Scheduling two linked QuestDB queries with Dagster

I want to run two QuestDB queries: one for downsampling data older than three weeks and aggregating at 30 seconds intervals, and one to delete the partition with the raw data. At the moment I just execute with a cron using curl and the rest API

curl -G --data-urlencode "query=INSERT INTO downsampled_tb SELECT timestamp, min(price) as low, max(price) as high, first(price) as open, last(price) as close FROM trades WHERE timestamp < dateadd('d', -21, now());"

curl -G --data-urlencode "ALTER TABLE trades DROP PARTITION WHERE timestamp < dateadd('d', -21, now());"

I would like to use Dagster instead, so I can do backfilling for past dates and have better error control. I checked Dagster and I cannot see any QuestDB operator.

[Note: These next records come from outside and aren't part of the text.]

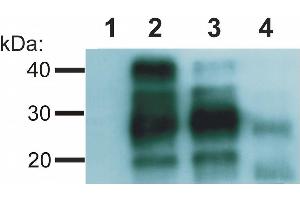 Western blotting analysis of Creutzfeld-Jakob disease (CJD) negative (lane 1, 2) and CJD positive (lane 3, 4) human brain material using anti-PrP antibody (clone EM-20).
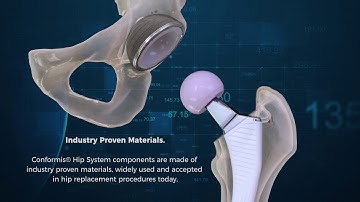Conformis Hip Animation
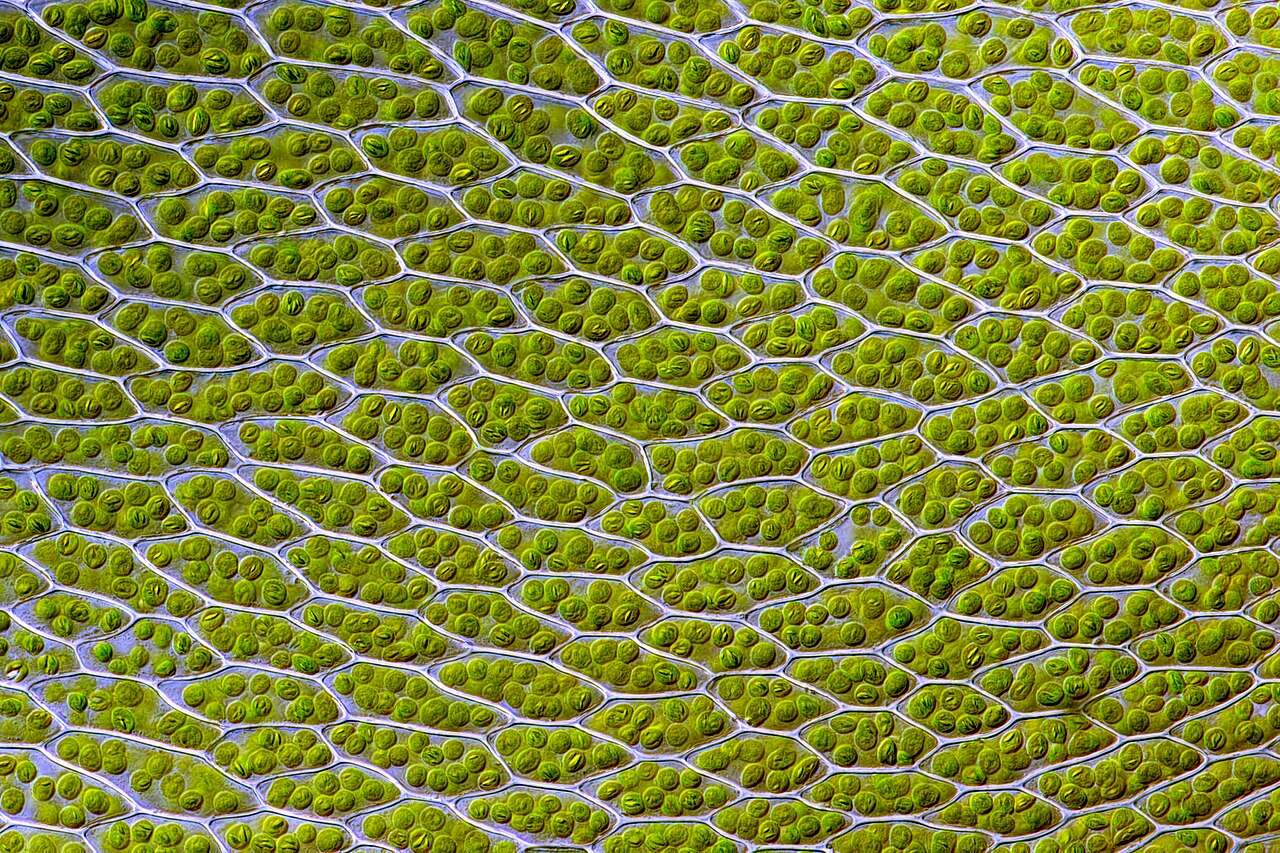 Live leaf cells of the moss Bryum capillare , showing abundant chloroplasts (green spherical bodies) and their accumulated starch granules (elongated bodies within chloroplasts).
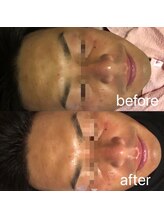 ナナラ(nanala)/メンズフェイシャル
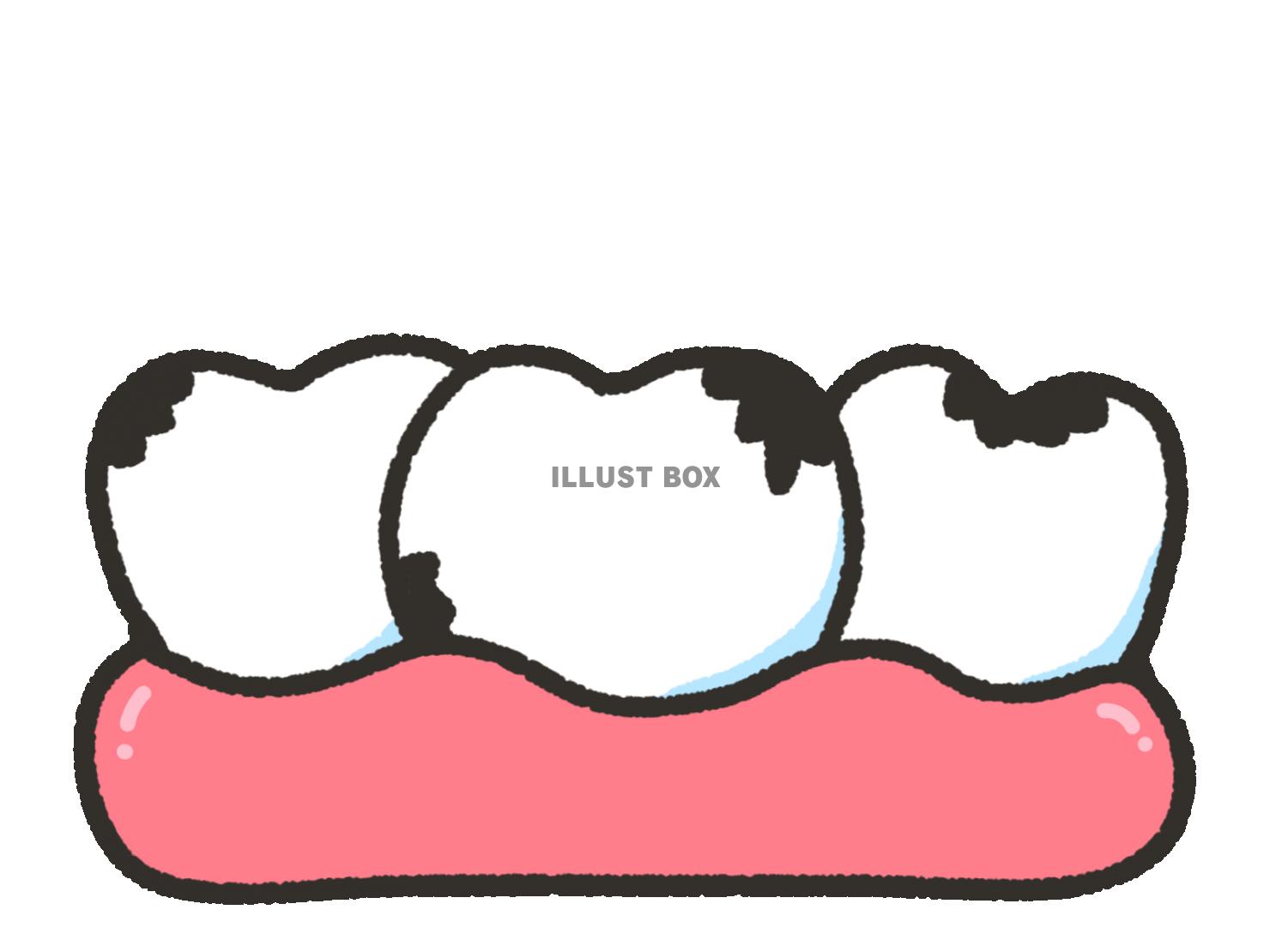 虫歯 イラスト無料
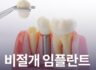 비절개 임플란트 할 수 있을까?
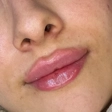 کلینیک زیبایی دکتر سینا ملاشاهی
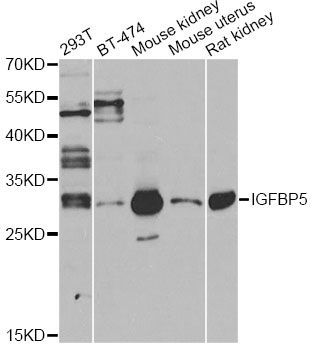 Western blot - IGFBP5 antibody (144-012451)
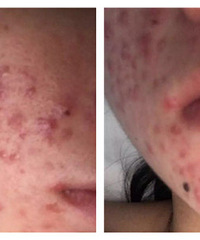 ���в�3���� ���Ͼͳ�����ô�ර��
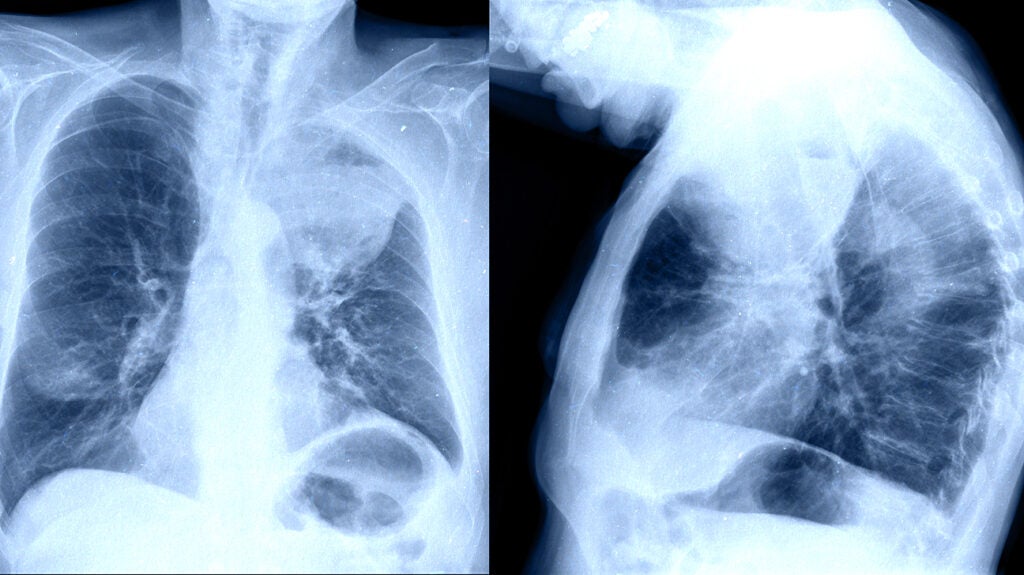 How Long Lung Cancer Spread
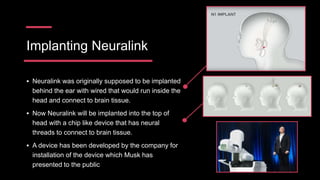 Implanting Neuralink
 Neuralink was originally supposed to be implanted
behind the ear with wired that would run inside the
head and connect to brain tissue.
 Now Neuralink will be implanted into the top of
head with a chip like device that has neural
threads to connect to brain tissue.
 A device has been developed by the company for
installation of the device which Musk has
presented to the public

What would be the best way to do this?

Solution

Since Dagster supports writing operators using python, we can just define a resource based on psycopg, and then define @ops using that resource

import psycopg

from dagster import op, graph, resource, out

# Define resources for PostgreSQL
@resource(config_schema={"connection_string": str})
def postgres_resource(context):
    conn = psycopg.connect(context.resource_config["connection_string"])
    try:
        yield conn
    finally:
        conn.close()

# Define operations
@op(required_resource_keys={'postgres'}, out=Out(str))
def downsample_data(context, execution_date: str):
    sql_query = f"""
        INSERT INTO downsampled_tb SELECT timestamp, min(price) as low, 
        max(price) as high, first(price) as open, last(price) as close 
        FROM trades WHERE timestamp = '{execution_date}';'
    """
    with context.resources.postgres.cursor() as cursor:
        cursor.execute(sql_query)    
    return execution_date

# Define operations
@op(required_resource_keys={'postgres'}, out=Out(str))
def remove_partition(context, execution_date: str):
    sql_query = f"""
        ALTER TABLE trades DROP PARTITION 
        WHERE timestamp = '{execution_date}';'
    """
    with context.resources.postgres.cursor() as cursor:
        cursor.execute(sql_query)    
    return execution_date

@op(out=Out(str))
def get_execution_date():
    #TODO

@graph
def questdb_downsampler():
    execution_date = get_execution_date()
    remove_partition(downsample_data(execution_date))

Note in this case I am using a connection_string that should be provided during the launch, and a dummy get_execution_date, which should probably be calculated using partitions, so we can backfill properly.

I am making both @ops to return the execution date, so I can pass the output of the first as a parameter to the second and declare a dependency. If the first function returns an error, the second will not proceed.